O DIÁRIO DE KRISHNAMURTI - VIII


Livre do tempo, o que resta é o presente imediato, a vida no agora. Daí nasce o estado de atenção, que nos leva para além dos limites do pensamento e do sentimento. E a vida está sempre no presente, no agora. Isso, sim, é que é imortalidade, não a vida dentro dos limites da consciência. Quando o tempo deixa de existir, desaparecem os sofrimentos e os conflitos produzidos pelo processo de pensar e de sentir.

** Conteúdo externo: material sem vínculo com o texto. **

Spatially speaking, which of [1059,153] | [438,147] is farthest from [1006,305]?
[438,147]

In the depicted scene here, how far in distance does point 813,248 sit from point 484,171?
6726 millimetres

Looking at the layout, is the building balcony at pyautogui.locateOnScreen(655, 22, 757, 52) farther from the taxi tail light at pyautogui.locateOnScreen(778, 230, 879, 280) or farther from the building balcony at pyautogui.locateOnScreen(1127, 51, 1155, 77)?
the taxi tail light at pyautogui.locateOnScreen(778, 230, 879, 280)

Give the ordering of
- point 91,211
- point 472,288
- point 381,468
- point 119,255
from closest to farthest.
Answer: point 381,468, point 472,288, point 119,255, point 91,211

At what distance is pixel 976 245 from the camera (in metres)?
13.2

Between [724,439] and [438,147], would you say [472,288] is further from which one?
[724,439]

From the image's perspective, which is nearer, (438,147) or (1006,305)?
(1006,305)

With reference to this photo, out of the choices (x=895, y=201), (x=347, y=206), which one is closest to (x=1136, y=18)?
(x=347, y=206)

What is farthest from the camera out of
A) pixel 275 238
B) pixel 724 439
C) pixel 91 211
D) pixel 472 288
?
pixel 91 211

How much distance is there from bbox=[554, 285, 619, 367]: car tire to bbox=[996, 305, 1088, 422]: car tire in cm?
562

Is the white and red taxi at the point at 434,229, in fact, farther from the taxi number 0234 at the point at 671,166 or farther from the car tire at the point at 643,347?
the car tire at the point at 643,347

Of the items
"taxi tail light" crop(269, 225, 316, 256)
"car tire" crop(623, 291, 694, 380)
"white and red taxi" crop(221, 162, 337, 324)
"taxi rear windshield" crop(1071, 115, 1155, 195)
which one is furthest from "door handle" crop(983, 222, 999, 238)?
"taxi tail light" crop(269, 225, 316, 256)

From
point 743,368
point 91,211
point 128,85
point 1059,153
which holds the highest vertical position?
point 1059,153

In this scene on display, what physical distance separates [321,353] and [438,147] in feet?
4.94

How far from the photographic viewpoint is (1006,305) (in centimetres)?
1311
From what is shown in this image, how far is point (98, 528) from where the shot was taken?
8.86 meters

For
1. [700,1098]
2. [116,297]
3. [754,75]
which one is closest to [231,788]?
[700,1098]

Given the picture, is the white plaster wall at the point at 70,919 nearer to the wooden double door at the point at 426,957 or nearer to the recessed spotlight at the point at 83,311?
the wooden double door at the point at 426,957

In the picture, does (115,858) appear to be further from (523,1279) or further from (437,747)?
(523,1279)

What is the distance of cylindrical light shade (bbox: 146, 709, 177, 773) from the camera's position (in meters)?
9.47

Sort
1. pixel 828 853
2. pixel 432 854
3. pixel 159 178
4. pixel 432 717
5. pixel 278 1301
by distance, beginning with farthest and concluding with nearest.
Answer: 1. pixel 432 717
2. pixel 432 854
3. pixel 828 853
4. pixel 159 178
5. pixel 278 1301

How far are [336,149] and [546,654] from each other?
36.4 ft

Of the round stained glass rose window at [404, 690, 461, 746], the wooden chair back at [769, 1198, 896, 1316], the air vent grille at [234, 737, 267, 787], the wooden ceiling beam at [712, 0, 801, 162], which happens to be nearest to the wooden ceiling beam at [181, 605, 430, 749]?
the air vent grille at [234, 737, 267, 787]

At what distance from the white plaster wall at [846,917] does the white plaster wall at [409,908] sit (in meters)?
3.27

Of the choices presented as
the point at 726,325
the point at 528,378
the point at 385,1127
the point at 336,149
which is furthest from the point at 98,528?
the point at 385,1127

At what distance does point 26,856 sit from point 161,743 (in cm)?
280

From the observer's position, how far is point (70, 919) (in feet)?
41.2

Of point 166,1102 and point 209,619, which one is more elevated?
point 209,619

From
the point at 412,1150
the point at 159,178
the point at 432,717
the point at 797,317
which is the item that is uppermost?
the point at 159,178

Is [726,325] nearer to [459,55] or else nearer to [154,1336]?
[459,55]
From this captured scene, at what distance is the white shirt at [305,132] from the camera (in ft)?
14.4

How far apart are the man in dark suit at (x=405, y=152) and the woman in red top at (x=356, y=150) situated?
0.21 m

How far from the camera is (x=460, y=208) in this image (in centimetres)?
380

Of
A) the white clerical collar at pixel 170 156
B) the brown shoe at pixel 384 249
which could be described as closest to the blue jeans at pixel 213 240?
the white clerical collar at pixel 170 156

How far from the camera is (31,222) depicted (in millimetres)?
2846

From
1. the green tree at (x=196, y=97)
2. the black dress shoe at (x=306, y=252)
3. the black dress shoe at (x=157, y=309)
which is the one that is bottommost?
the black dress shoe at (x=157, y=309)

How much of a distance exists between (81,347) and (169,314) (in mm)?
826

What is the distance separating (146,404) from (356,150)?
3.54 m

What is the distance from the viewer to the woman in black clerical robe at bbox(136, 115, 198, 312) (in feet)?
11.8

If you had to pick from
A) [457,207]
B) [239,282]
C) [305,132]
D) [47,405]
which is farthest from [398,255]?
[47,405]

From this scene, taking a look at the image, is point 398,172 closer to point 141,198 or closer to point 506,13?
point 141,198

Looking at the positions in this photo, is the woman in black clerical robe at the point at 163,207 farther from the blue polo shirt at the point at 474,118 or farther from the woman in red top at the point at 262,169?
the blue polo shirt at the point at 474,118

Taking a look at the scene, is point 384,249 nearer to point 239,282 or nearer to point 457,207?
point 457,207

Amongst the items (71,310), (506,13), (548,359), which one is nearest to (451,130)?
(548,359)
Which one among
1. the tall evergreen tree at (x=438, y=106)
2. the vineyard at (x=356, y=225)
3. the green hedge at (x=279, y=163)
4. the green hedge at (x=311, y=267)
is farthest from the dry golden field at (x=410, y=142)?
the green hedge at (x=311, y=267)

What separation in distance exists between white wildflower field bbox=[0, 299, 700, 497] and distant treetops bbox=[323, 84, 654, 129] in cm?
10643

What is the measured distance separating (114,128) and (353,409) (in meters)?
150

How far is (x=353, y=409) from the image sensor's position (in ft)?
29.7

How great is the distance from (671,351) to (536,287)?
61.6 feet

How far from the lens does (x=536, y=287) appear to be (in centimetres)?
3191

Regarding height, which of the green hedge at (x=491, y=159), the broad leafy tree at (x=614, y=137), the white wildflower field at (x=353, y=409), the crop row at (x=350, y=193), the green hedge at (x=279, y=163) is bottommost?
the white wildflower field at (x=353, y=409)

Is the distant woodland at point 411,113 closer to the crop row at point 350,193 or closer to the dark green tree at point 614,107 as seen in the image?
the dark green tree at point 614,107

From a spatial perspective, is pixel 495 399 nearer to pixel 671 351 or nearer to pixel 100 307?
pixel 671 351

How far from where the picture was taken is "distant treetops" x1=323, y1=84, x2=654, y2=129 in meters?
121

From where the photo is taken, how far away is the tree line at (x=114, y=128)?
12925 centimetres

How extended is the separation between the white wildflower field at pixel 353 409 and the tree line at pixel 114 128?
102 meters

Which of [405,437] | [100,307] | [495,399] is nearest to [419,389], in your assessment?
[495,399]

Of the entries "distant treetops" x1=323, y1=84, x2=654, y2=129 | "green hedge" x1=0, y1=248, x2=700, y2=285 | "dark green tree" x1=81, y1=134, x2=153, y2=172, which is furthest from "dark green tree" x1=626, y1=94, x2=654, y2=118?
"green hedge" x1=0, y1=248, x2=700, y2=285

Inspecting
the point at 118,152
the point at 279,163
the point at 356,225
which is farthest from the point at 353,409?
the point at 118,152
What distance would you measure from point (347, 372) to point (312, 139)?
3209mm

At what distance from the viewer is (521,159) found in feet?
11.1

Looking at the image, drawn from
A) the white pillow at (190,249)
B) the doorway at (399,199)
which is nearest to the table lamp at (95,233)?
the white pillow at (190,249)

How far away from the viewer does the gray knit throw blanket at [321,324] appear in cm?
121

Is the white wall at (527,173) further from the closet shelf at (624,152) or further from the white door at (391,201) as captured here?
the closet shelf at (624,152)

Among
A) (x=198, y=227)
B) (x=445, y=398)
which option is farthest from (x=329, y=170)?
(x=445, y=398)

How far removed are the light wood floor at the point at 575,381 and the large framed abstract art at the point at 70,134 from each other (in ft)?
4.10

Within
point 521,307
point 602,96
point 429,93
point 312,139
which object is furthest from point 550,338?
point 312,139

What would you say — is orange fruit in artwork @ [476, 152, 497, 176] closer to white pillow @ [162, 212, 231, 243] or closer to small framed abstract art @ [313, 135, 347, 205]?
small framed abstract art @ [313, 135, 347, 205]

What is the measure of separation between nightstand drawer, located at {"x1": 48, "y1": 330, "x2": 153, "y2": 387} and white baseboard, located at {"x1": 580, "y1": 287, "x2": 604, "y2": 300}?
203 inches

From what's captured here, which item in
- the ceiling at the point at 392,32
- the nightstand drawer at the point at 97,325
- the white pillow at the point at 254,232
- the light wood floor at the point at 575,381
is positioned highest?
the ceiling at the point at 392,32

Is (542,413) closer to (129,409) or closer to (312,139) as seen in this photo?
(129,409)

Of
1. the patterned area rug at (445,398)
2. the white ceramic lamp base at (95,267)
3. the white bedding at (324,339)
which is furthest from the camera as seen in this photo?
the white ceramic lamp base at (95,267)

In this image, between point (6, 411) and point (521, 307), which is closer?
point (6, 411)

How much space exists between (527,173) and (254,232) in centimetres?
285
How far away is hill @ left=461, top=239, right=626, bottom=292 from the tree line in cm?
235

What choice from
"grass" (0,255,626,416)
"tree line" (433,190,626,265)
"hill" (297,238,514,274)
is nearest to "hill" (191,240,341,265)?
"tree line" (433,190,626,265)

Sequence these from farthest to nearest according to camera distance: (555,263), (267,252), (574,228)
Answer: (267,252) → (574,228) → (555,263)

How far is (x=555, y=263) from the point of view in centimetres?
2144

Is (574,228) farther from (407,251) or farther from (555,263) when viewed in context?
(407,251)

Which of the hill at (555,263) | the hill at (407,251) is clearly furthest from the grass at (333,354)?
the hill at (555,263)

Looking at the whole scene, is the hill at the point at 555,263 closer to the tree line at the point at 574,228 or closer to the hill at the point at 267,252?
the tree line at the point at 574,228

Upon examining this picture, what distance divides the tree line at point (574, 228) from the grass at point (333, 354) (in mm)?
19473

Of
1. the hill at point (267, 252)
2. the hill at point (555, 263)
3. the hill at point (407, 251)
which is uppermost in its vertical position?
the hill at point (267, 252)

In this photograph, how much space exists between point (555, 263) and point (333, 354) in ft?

O cérebro só funciona no tempo e no espaço; toda filosofia é limitada por esse condicionamento e as teorias e especulações são produzidas por sua astúcia. Ainda que vá à Lua, explore o universo ou as profundezas da terra, projete máquinas maravilhosas, o cérebro não tem como libertar-se da mediocridade. É inútil qualquer tentativa de fuga dessa mediocridade, pois que é fuga de si mesmo. Só lhe resta permanecer completamente imóvel, o que não deve ser confundido com inércia ou indolência. Essa imobilidade é a única maneira de preservar sua sensibilidade. Na renúncia de si mesmo e na rejeição de suas atividades, cessam suas habituais reações defensivas, bem como o vício de julgar, condenar ou justificar. Pela compreensão de seus mecanismos, o cérebro revela o que é: só um instrumento mecânico, calculista, inventivo, funcional, repetitivo e imitador, embora de perfeição assombrosa. É incapaz de qualquer ação ou reação ao tentar penetrar no mistério do desconhecido. O conhecido é o seu elemento. O cérebro jamais conhecerá a beleza da criação, pois a imensidão do indescritível somente se revela quando o cérebro está totalmente imóvel, sem pensamentos e vazio, ‘morto’.

Sabemos sobre a atmosfera de Vênus, como montar computadores, mas nada sabemos sobre nós mesmos. E ninguém pode nos ajudar nisso. A energia necessária para a viagem ao nosso interior, só a teremos se abandonarmos a crença de que a conseguiremos por meio de drogas, relação humana, renúncia, sacrifícios, disciplinas, rituais, santos, deuses, preces, promessas, gurus. É exatamente se abandonarmos tudo isso, se compreendermos o mecanismo da fuga e do desejo, que aquela energia penetra e vai além do consciente (como diz Benoit, estaremos salvos quando abandonarmos todos os caminhos e todas as tentativas de nos salvarmos).

É impossível adquirir essa energia acumulando conhecimentos a nosso respeito, pois toda forma de acúmulo e apego a enfraquece e desvirtua. Com o tempo, os conhecimentos tornam-se um fardo, limitando-nos e nos aprisionando ao condicionamento; e, assim, deixamos de ser livres para investigar. O aprender está no presente imediato; o saber, sempre no passado. O desejo de acumular conhecimento impede o ato de aprender. O conhecimento é estático, podendo só ser reduzido ou ampliado, enquanto o aprender é dinâmico, não necessitando do processo de acumulação. O saber é transitório; o aprender é infinito.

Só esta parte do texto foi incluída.